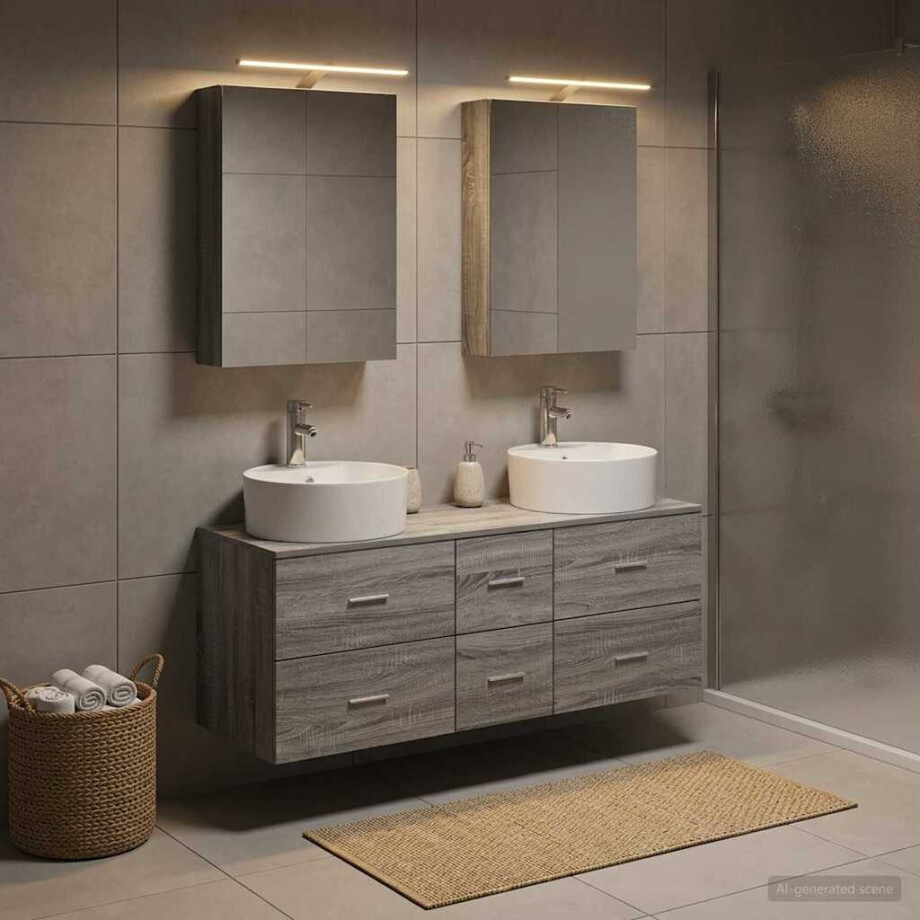 vidaXL Badkamermeubelset 5 st Grijs Sonoma Bewerkt hout en glas afbeelding 1
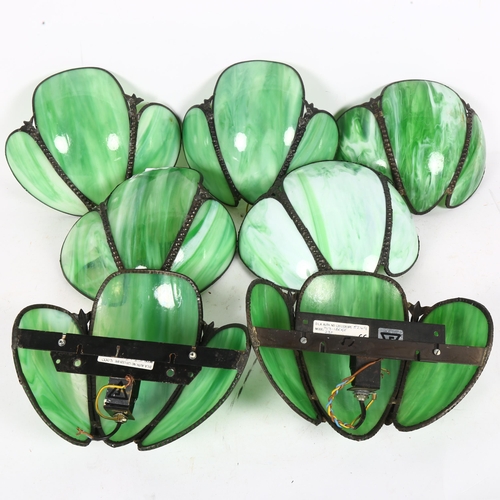 317 - A set of 7 Art Deco style green marbled glass wall light fittings, width 26cm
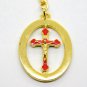 Gold Color Metal Cross Key Ring Key Chain Rotating Center Holy Land Jerusalem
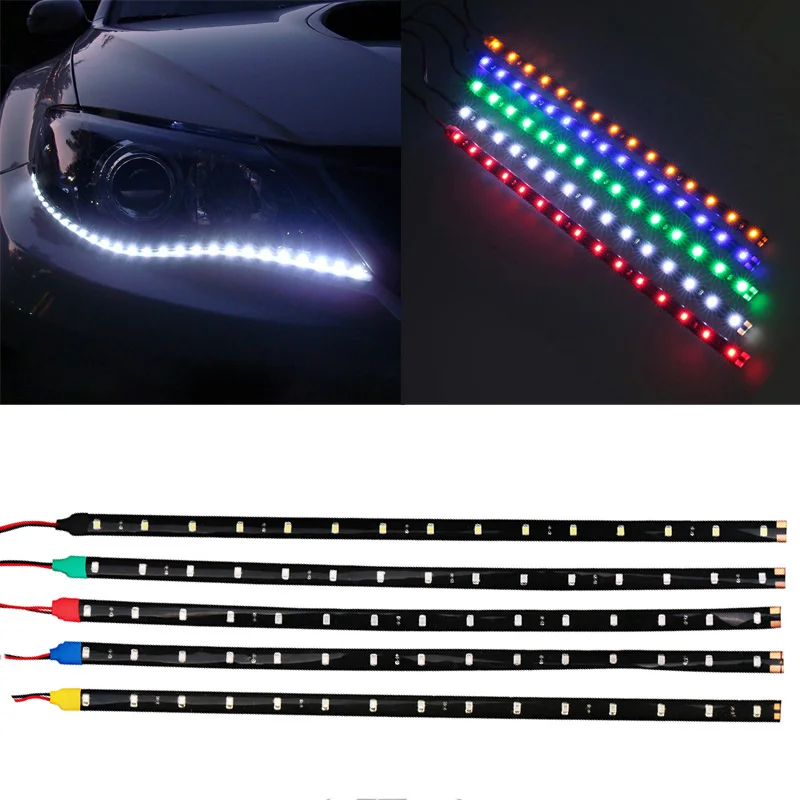 10 шт. 15SMD Автомобильная гибкая светодиодная лента Водонепроницаемая 12В 30 см Авто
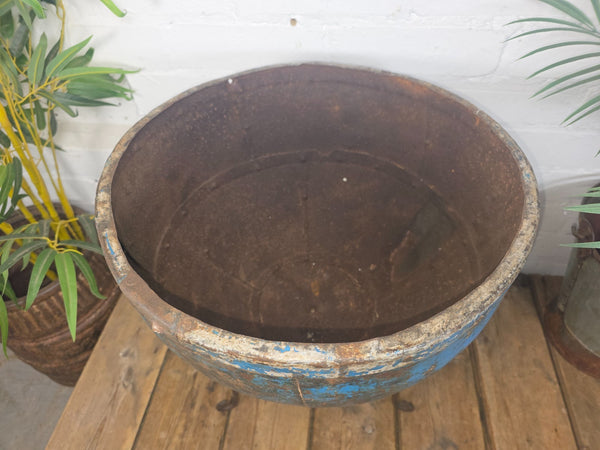 Large Heavy Duty Riveted Iron Indian Kadai Fire Pit Garden Planter Drinks Cooler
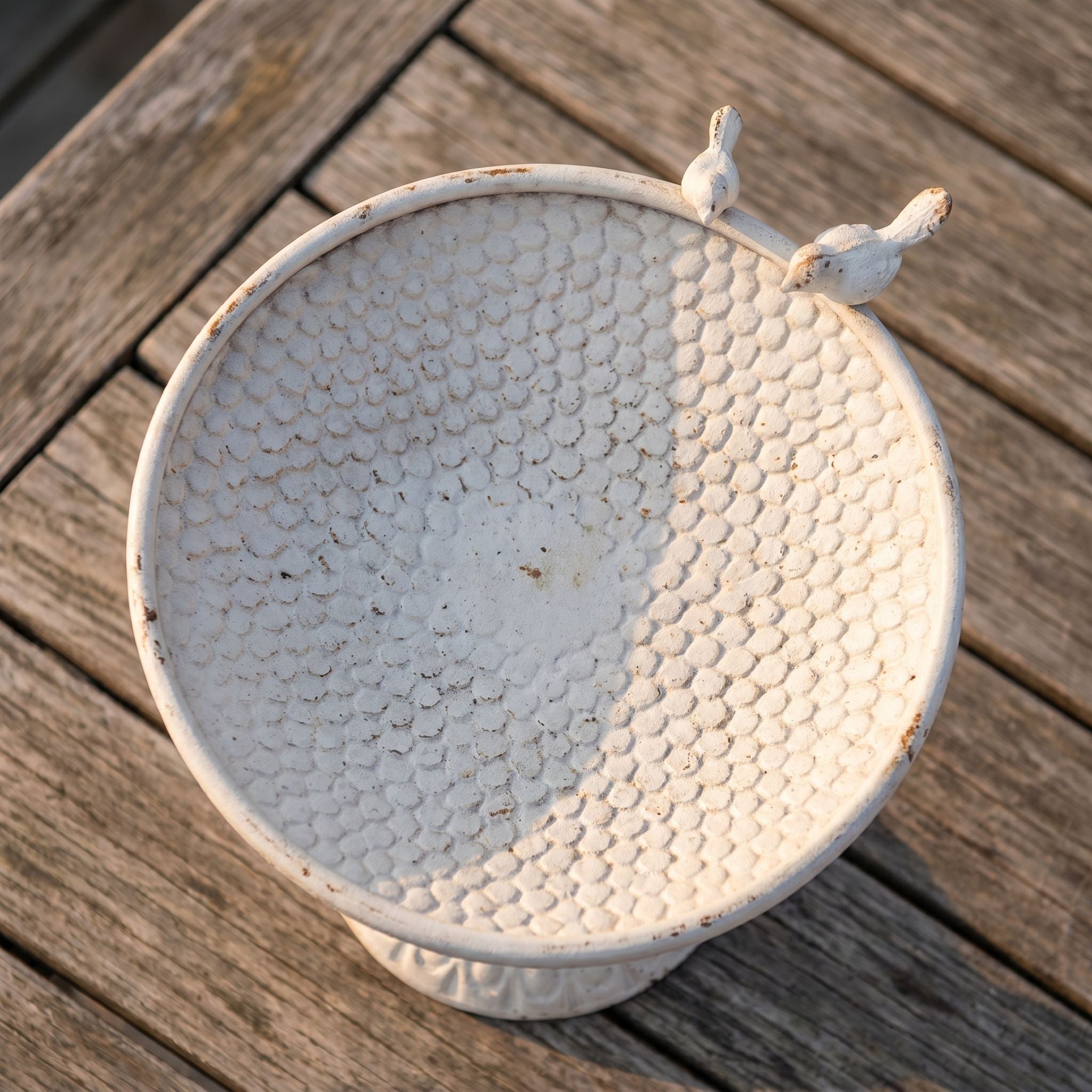 Top view of the Thibault bird bath showing the scale-textured bowl and birds on the rim.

--- TASK GOAL ---
What is needed is a word-for-word copy of the records above, excluding pictures.

--- EXERCISE OUTPUT ---
 vidaXL Badkamermeubelset 5 st Grijs Sonoma Bewerkt hout en glas afbeelding 1
 317 - A set of 7 Art Deco style green marbled glass wall light fittings, width 26cm
 Gold Color Metal Cross Key Ring Key Chain Rotating Center Holy Land Jerusalem
 10 шт. 15SMD Автомобильная гибкая светодиодная лента Водонепроницаемая 12В 30 см Авто
 Large Heavy Duty Riveted Iron Indian Kadai Fire Pit Garden Planter Drinks Cooler
 Top view of the Thibault bird bath showing the scale-textured bowl and birds on the rim.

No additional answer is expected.